[WORK REQUIRED]:
The expected answer is the data below, printed verbatim without its pictures.

[GIVEN INFORMATION]:
──────────────────────────────

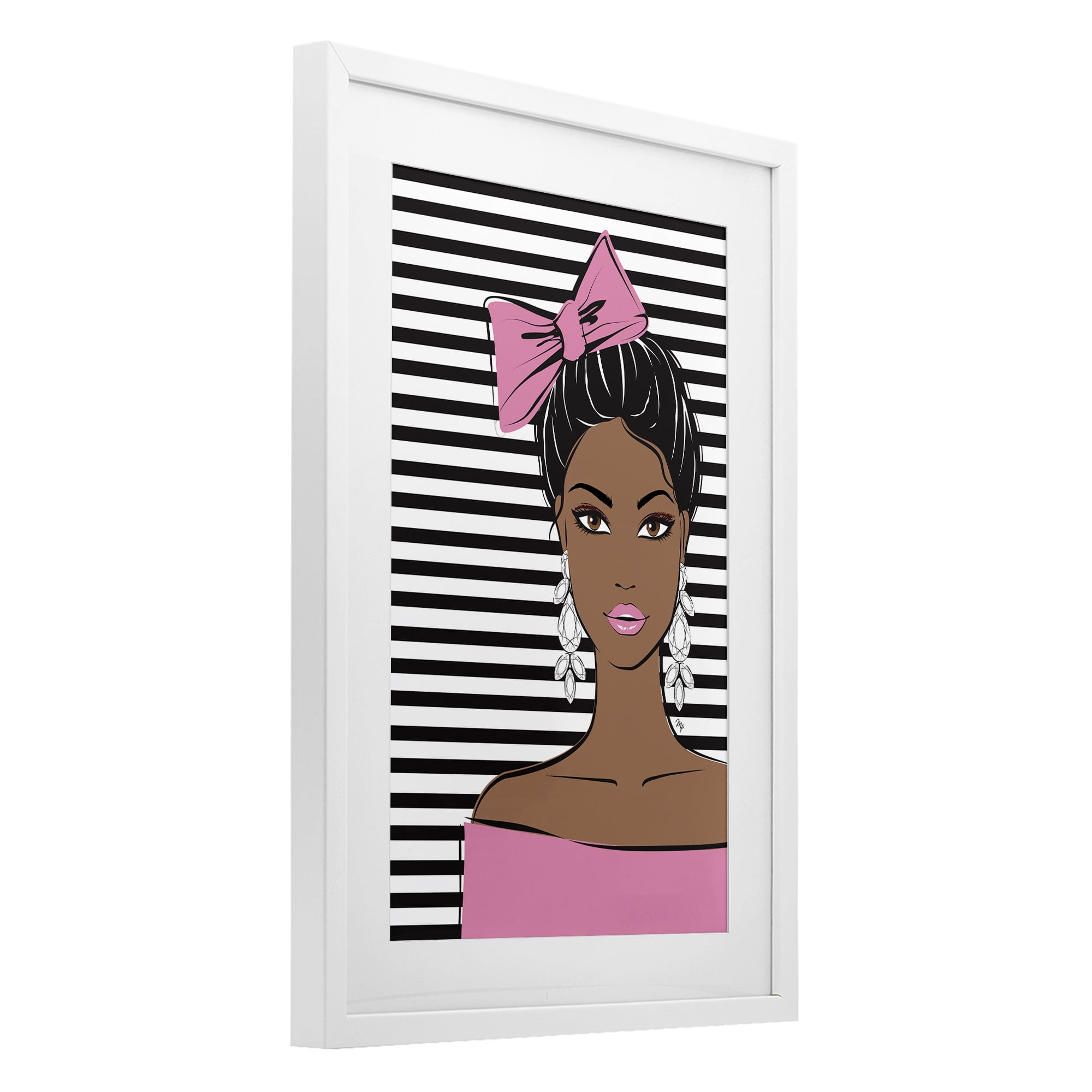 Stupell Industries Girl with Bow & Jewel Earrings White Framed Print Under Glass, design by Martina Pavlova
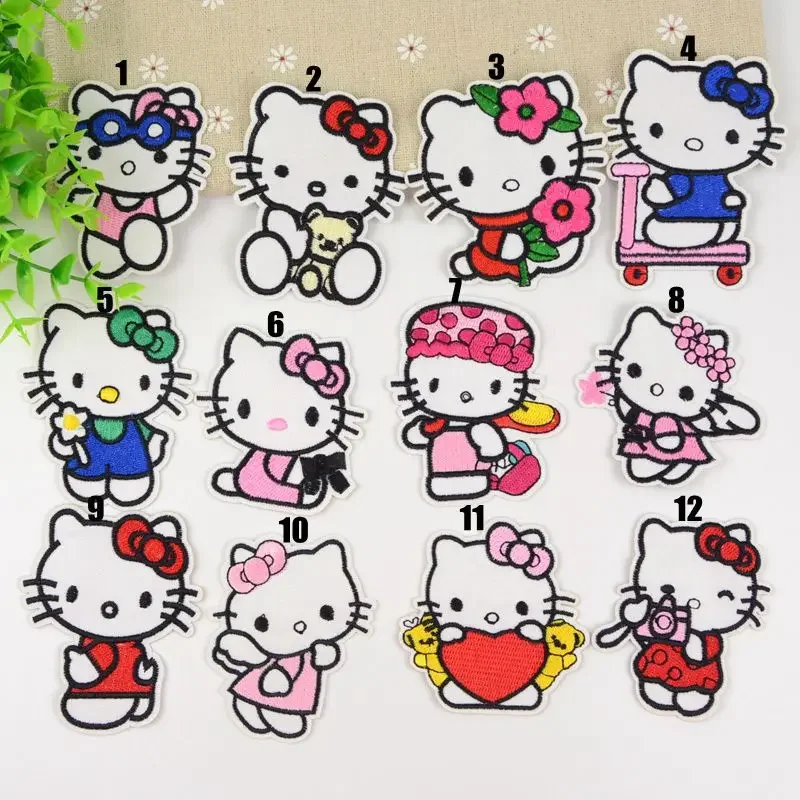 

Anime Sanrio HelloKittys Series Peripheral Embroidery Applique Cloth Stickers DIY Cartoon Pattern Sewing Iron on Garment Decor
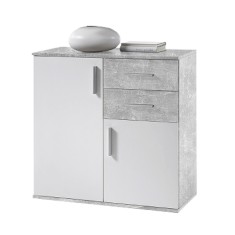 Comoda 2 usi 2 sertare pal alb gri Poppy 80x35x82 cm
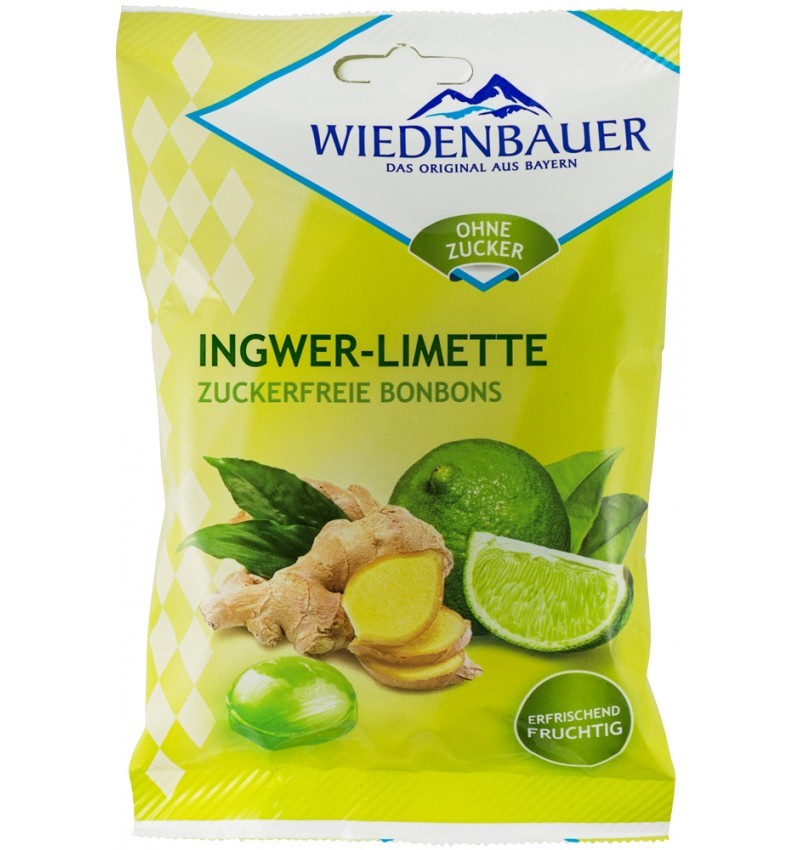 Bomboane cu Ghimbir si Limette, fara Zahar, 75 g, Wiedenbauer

──────────────────────────────

[ANSWER AREA]:
 Stupell Industries Girl with Bow & Jewel Earrings White Framed Print Under Glass, design by Martina Pavlova

Anime Sanrio HelloKittys Series Peripheral Embroidery Applique Cloth Stickers DIY Cartoon Pattern Sewing Iron on Garment Decor
 Comoda 2 usi 2 sertare pal alb gri Poppy 80x35x82 cm
 Bomboane cu Ghimbir si Limette, fara Zahar, 75 g, Wiedenbauer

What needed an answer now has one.